It isn’t actually true that $n!=(2\pi n)^{1/2}\left(\frac{n}e\right)^n\;:$ the righthand side is only approximately equal to $n!$. What is true, however, is that $\lim_{n\to\infty}\frac1{n!}\cdot(2\pi n)^{1/2}\left(\frac{n}e\right)^n=1\;,\tag{1}$ which would be good enough for your purposes if you were to approach the problem using Stirling’s approximation. That, however, is doing it very much the hard way. Here’s a much easier approach.
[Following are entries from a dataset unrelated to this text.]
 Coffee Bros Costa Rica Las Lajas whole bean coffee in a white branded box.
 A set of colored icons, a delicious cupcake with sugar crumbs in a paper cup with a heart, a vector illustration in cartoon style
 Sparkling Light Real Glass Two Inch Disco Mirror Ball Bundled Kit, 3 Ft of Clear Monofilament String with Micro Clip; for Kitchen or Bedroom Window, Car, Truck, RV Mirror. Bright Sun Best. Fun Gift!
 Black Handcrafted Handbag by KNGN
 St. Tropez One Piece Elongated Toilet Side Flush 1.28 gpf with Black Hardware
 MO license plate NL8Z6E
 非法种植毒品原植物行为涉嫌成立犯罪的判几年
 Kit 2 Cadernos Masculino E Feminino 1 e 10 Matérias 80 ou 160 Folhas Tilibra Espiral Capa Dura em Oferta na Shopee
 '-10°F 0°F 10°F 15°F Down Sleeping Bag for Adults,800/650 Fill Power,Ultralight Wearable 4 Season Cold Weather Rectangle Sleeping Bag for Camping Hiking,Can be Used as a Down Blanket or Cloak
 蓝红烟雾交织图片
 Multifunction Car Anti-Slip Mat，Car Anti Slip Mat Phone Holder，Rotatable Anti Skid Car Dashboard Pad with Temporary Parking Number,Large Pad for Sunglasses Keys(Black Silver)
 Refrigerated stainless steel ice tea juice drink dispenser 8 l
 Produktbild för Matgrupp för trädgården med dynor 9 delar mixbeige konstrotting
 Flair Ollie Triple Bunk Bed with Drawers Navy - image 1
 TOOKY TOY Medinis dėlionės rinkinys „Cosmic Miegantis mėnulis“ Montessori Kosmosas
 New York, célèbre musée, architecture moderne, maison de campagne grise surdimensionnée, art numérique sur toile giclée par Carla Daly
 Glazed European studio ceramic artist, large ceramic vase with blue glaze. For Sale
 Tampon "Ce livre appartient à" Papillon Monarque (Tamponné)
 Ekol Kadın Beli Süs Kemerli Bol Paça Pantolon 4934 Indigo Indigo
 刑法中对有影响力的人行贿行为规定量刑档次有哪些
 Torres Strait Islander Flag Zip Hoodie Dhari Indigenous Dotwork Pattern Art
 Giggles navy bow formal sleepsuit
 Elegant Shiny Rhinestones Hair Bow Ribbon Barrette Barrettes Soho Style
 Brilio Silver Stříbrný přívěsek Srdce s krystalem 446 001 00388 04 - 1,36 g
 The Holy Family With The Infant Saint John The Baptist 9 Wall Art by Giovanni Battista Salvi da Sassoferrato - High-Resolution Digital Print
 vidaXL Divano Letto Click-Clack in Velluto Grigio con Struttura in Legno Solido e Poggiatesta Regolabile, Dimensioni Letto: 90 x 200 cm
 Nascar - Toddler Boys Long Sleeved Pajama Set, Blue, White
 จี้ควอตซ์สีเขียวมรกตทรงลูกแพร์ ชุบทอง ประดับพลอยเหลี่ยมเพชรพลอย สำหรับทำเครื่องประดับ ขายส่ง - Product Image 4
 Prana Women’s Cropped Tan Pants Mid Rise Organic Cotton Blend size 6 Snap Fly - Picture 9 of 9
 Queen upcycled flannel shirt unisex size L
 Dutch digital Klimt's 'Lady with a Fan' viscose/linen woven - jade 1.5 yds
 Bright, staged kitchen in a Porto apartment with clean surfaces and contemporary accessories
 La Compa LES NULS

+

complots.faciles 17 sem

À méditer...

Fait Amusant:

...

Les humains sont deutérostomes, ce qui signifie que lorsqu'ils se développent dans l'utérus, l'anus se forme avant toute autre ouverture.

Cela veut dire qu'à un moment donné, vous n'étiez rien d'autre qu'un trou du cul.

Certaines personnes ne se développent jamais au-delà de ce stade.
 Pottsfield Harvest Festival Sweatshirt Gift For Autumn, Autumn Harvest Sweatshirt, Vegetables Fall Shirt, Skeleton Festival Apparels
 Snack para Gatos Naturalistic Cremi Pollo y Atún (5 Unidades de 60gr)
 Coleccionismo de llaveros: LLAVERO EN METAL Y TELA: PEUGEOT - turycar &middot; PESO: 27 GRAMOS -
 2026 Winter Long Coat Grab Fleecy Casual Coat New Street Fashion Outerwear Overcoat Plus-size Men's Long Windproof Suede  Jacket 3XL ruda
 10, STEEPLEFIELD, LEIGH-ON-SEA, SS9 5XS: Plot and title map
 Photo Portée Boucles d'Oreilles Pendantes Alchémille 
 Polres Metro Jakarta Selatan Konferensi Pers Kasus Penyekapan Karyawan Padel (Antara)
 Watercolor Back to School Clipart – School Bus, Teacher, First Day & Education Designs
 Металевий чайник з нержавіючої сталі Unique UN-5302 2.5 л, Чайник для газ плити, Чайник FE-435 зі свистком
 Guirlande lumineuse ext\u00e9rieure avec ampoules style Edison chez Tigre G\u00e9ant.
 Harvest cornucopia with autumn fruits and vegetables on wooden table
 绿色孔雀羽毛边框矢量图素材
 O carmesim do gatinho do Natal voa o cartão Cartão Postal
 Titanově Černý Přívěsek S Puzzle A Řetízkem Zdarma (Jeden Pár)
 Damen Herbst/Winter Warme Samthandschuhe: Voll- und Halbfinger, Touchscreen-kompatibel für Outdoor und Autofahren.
You want to show that $\lim_{n\to\infty}\frac{n!}{2^n}=\infty\;.$ The fraction has $n$ factors in both the numerator and the denominator, so you can write it as $\frac{n!}{2^n}=\prod_{k=1}^n\frac{k}2=\frac12\cdot\frac22\cdot\frac32\cdot\ldots\cdot\frac{n-1}2\cdot\frac{n}2\;.$ Call this product $f(n)$. By actual calculation $f(4)=3/2$. Now suppose that $n>4$; then
$f(n)=f(4)\prod_{k=5}^n\frac{k}2=\frac32\cdot\underbrace{\frac52\cdot\frac62\cdot\ldots\cdot\frac{n-1}2\cdot\frac{n}2}\;.$ Can you see why this is greater than $2^{n-4}$, and why that gives you the desired result?